The Phillies have gone 1 - 13 over their last 14 games. That projects to 12 wins over a season. Ridiculous, right? Right. So calm down already. They aren't this bad, folks.

Buy your Delmon Young shirseys while you can!
Buy your Delmon Young shirseys while you can!
Justin K. Aller

First of all, thanks to dajafi for this. Go back and read it. Print it out, fold it up, and put it in your wallet and take it out and read it when you think about throwing your autographed Cliff Lee ball through your television. The Phillies are not this bad. Really.

Be honest with yourself, and look at the lineup that started last night. Kevin Frandsen is not a major league first baseman.

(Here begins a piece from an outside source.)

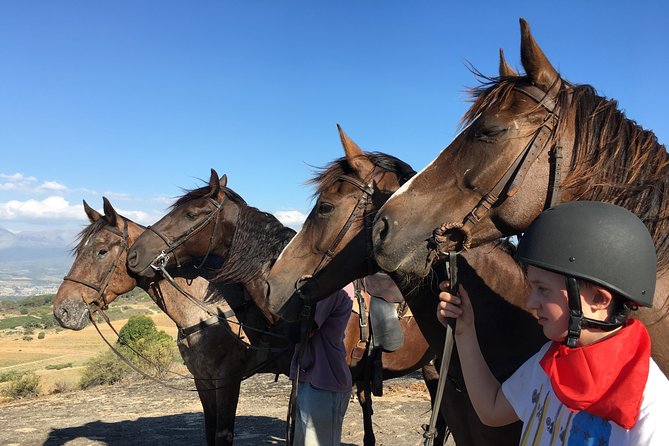 1h – Horse Trail - Why the one-hour length can work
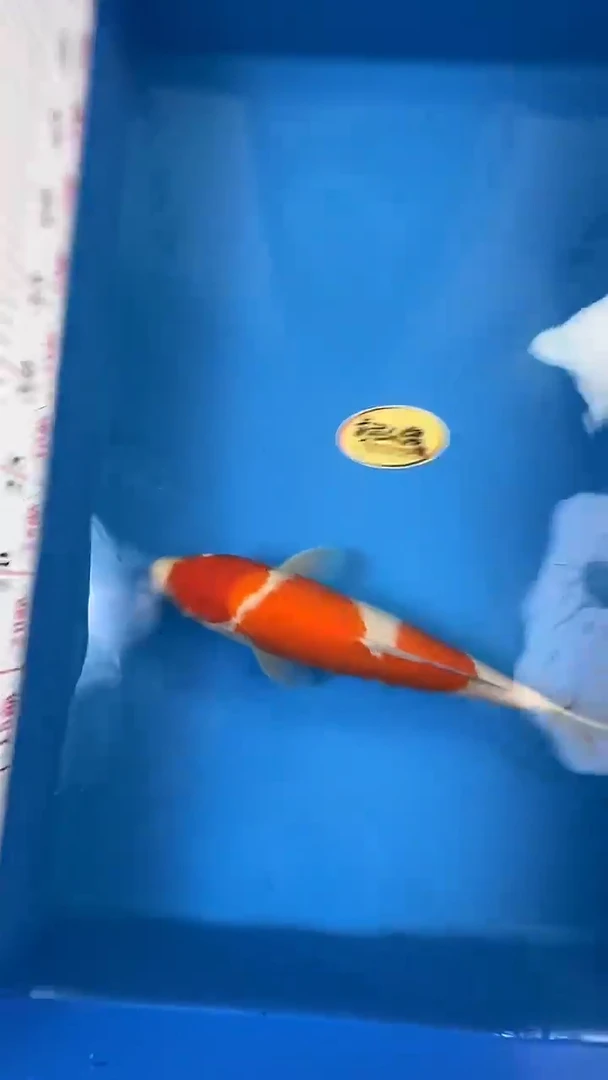锦鲤   大日红白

He is a useful utility infielder and maybe a short-term solution at third base, but he is not going to be playing at first base for the Phillies or any other MLB team for 162 games next year. Ryan Howard will be there, at least against right-handed pitching, which he still kills. He was pretty good this year, till he hit the DL. If the Phillies would play Ruf against lefties, first base will be much more productive than what the Phillies get from Frandsen or Michael Young.

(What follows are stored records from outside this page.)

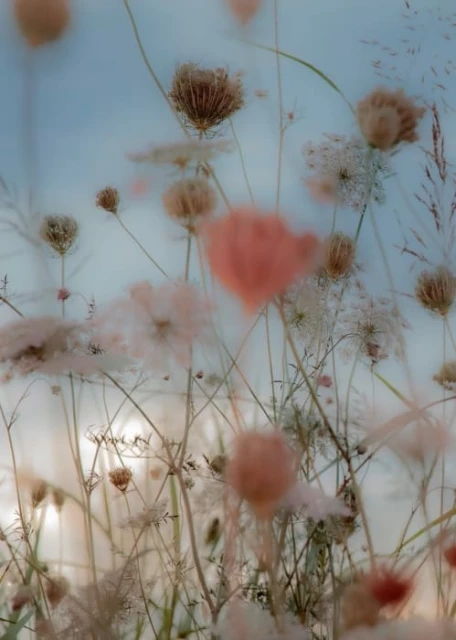Soft focus image of a field of Queen Anne's lace and other wildflowers in muted tones, capturing a dreamy and ethereal landscape.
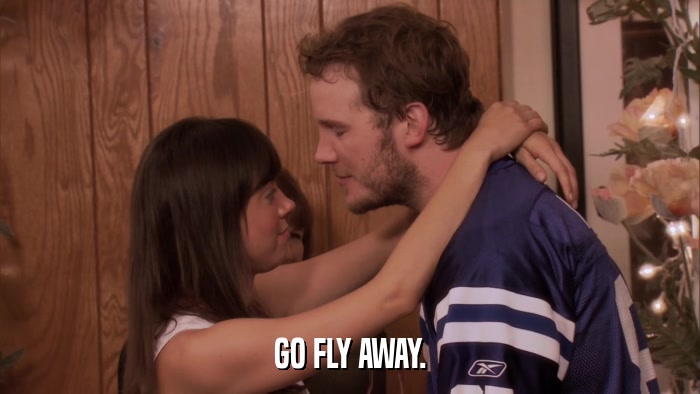 GO FLY AWAY.  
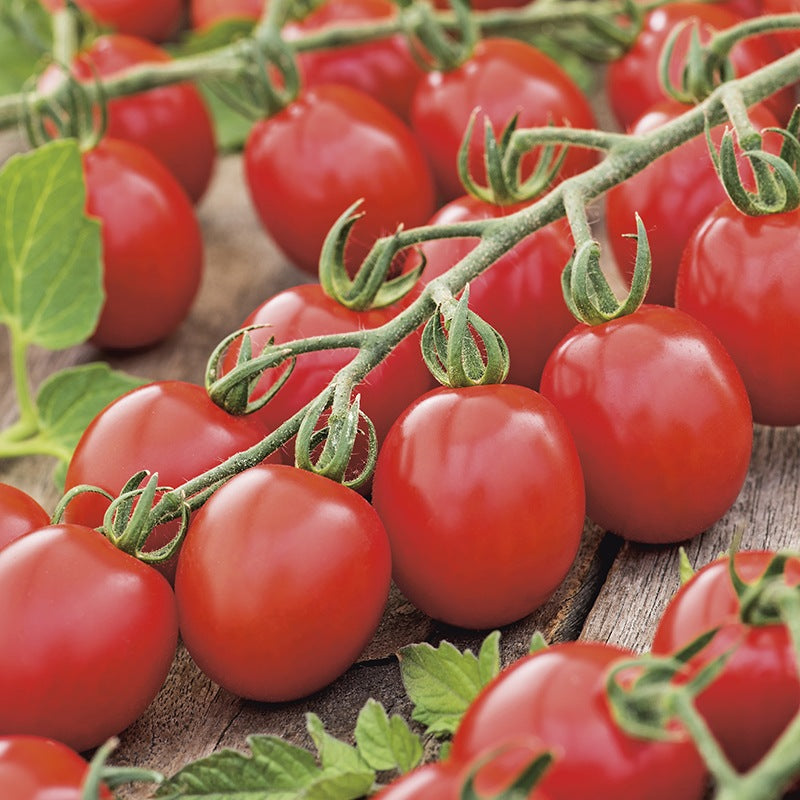 Tomato Apero F1 Seeds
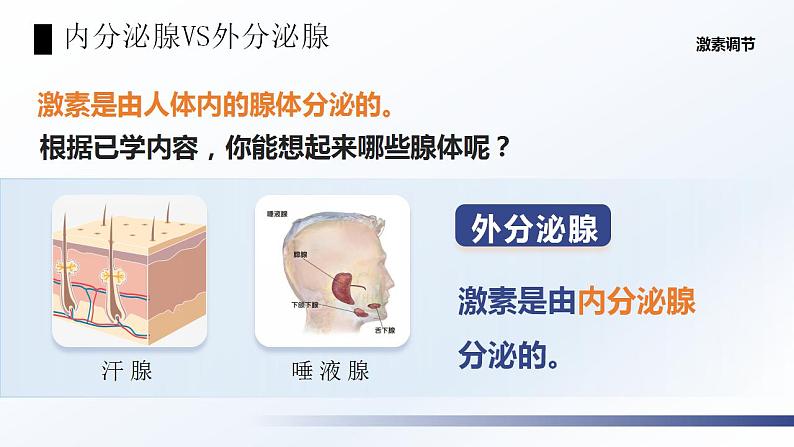 4.6.4《激素调节》课件07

At third, the Phillies may have Frandsen or Cody Asche. Maybe Maikel Franco gets an audition later in the year. Still, third looks like there are credible options on the horizon who would be upgrades defensively, on the bases, and probably just as good at the plate. Maybe much better. We'll all be learning about an "arm bar" I am sure, and not the wrestling type.

Domonic Brown is your leftfielder, not Darin Ruf. Unless Domonic Brown is your rightfielder. Either way, Domonic Brown as a corner outfielder beats either Delmon Young or Darin Ruf, both of whom played tonight. Delmon Young will be gone. Maybe as soon as next week when Brown comes back, especially with Darin Ruf playing the way he has been.

Ruf is not going to sustain his .400+ BABIP, but he can play bad defense in left (instead of right) and hit better than Delmon Young even if his BABIP drops to .300 since he actually walks once in a while. And I'm not so sure Ruf isn't a starting outfielder, at least a 2 - 3 WAR outfielder. That beats Delmon Young. Even if Ruf is only a caddy for Ryan Howard next year against lefties and a bench bat and a sometimes outfielder, he's looking more and more like a useful part. I also can say with more and more of a straight face that Kelly Dugan might be spotted in the outfield in Philadelphia late next year, so Ruf doesn't even have to be a long-term solution.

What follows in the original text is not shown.